Every Movie We’re Excited About This December

By Keaton Bell

Anyone staying on top of film releases typically feels pretty burnt out by the time December arrives. ’Tis the season of classy awards bait, mammoth blockbusters, holiday comforts, and all the festival darlings that built buzz coming out of Telluride and Toronto. At least under non-2020 circumstances. With no Oscar race to speak of and most major studios holding their wares for 2021 and beyond, it’s been an unusual year at the movies—or at home watching the movies—to say the least. 

In a more optimistic sign of what the future of moviegoing might look like, this month offers a bounty of new releases, all for wildly different types of audiences. A $200 million superhero sequel premieres on a streaming service the same day an indie thriller about a woman hunting sexual predators bows in theaters. Meryl Streep goes from sequined hot pants in a Netflix musical to a pair of chunky glasses in an HBO Max drama. In a year where television dominated the cultural conversation by means of sheer availability, it’s starting to feel like there are almost too many new movies to talk about again.

Black Bear (Out Now)
Aubrey Plaza is so synonymous with the deadpan humor that defined her breakout role in Parks and Recreation that it can be easy to take her dramatic chops for granted. In the twisty, uncategorizable Black Bear, the actor sheds any semblance of her former April Ludgate persona for her most thrillingly loose performance to date. The psychological drama focuses on a couple (Christopher Abbott and Sarah Gadon) whose lives are disrupted by the arrival of a writer-filmmaker (Plaza) to their remote lake house in the Adirondacks. To say any more would spoil all the meta surprises that make Black Bear such a trip. 
Available on VOD 

The Prom (Out Now)
Depending on their tolerance for Ryan Murphy’s particularly earnest brand of camp, audiences will find The Prom either delightful or unwatchable within seconds. Based on the Broadway musical about a group of self-absorbed theater stars who rally around a high schooler barred from taking her girlfriend to prom, the film’s good intentions are mostly enough to overcome any Technicolor flaws.

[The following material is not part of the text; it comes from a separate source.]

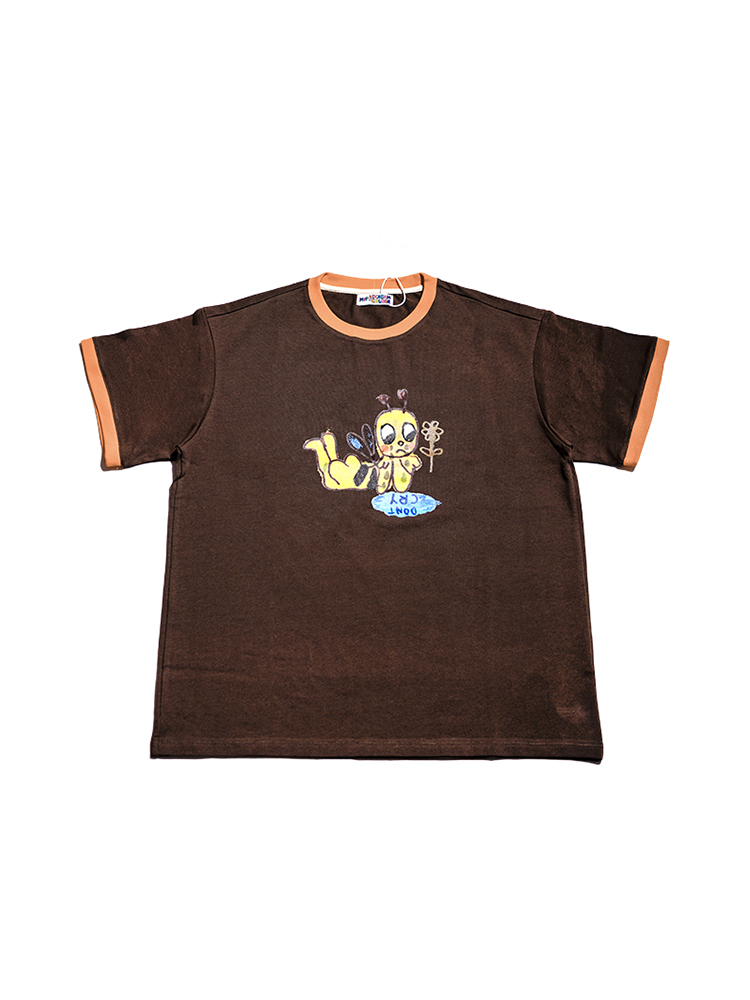 Original Artist Colored Printed Round Neck Color-Block Short Sleeve Cotton T-Shirt for a Unique Y2K Style Look Original Artist Colored Printed Round Neck Color-Block Short Sleeve Cotton T-Shirt for a Unique Y2K Style Look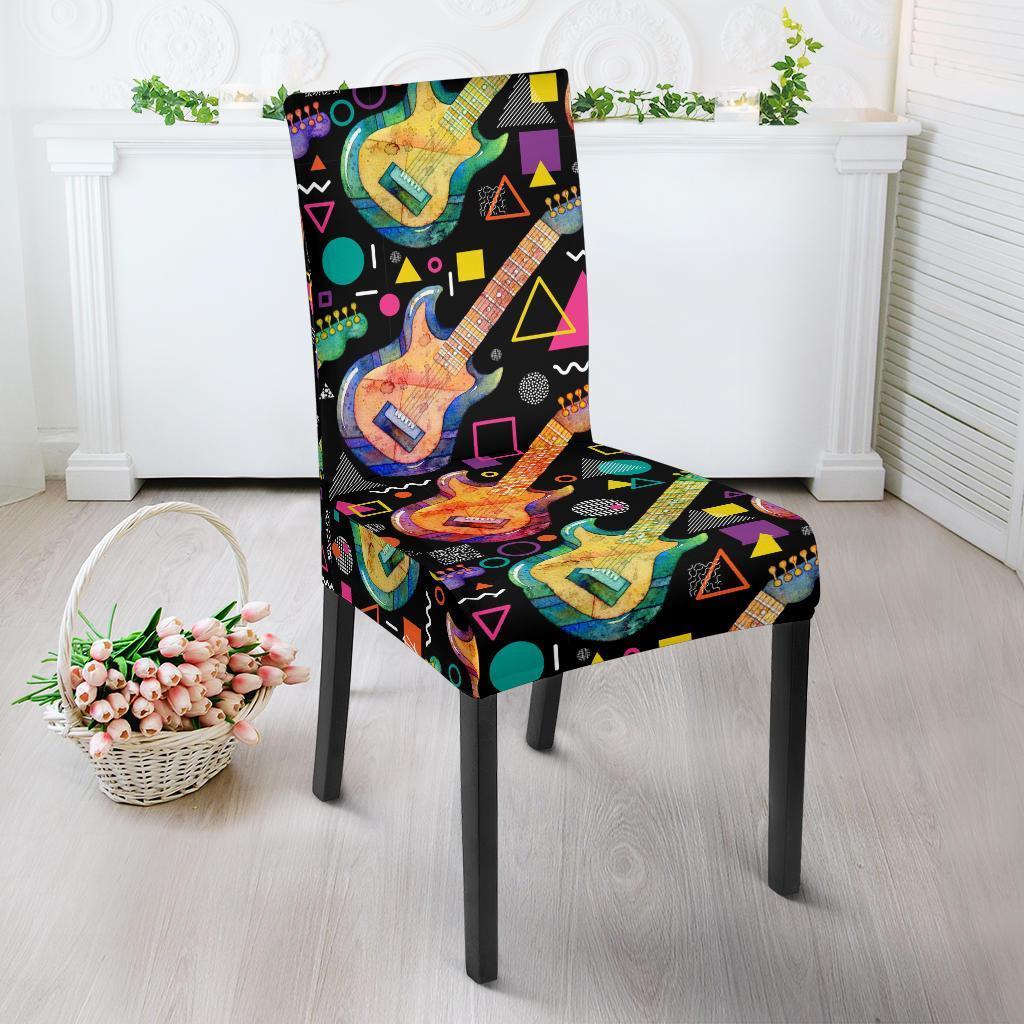 Colorful Electric Guitar Pattern Print Chair Cover-grizzshop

It’s also difficult to complain with Meryl Streep vamping it up as a flame-haired diva who always travels with her Tony Awards in tow. 
Available on Netflix

Godmothered (Out Now)
Godmothered is the perfect holiday wind-down for kids that’s just as fun for the adults. In the spirit of live-action fantasies like Enchanted, the family comedy stars Jillian Bell as a fairy godmother-in-training whose lack of skill is matched only by her boundless enthusiasm. Determined to prove her worth to her fellow fairies, she sets out to fulfill the childhood wish of a now-adult TV producer played by Isla Fisher. 
Available on Disney Plus 

Let Them All Talk (Out Now)
Steven Soderbergh’s latest certainly delivers on its titular demand. Starring Meryl Streep as an author embarking on a trip with two friends played by Dianne Wiest and Candice Bergen, Let Them All Talk floats effortlessly on the quippy improvisation of its leading ladies. Shot over two weeks with a bare-bones cast and crew aboard the Queen Mary 2, there’s no better escape from the current moment than a luxury cruise across the Atlantic with a beshawled Streep. 

Mank (Out Now)
Written by his late father Jack Fincher, David Fincher’s latest is a black-and-white passion project centered around the making of and mythology around Citizen Kane. Told through the eyes of its troubled screenwriter Herman J. Mankiewicz, the biopic is steeped in Old Hollywood glamour. Though it was filmed with period-authentic equipment from the ’30s and ’40s, Mank’s greatest practical effect ends up being Amanda Seyfried’s luminous turn as the doe-eyed Marion Davies.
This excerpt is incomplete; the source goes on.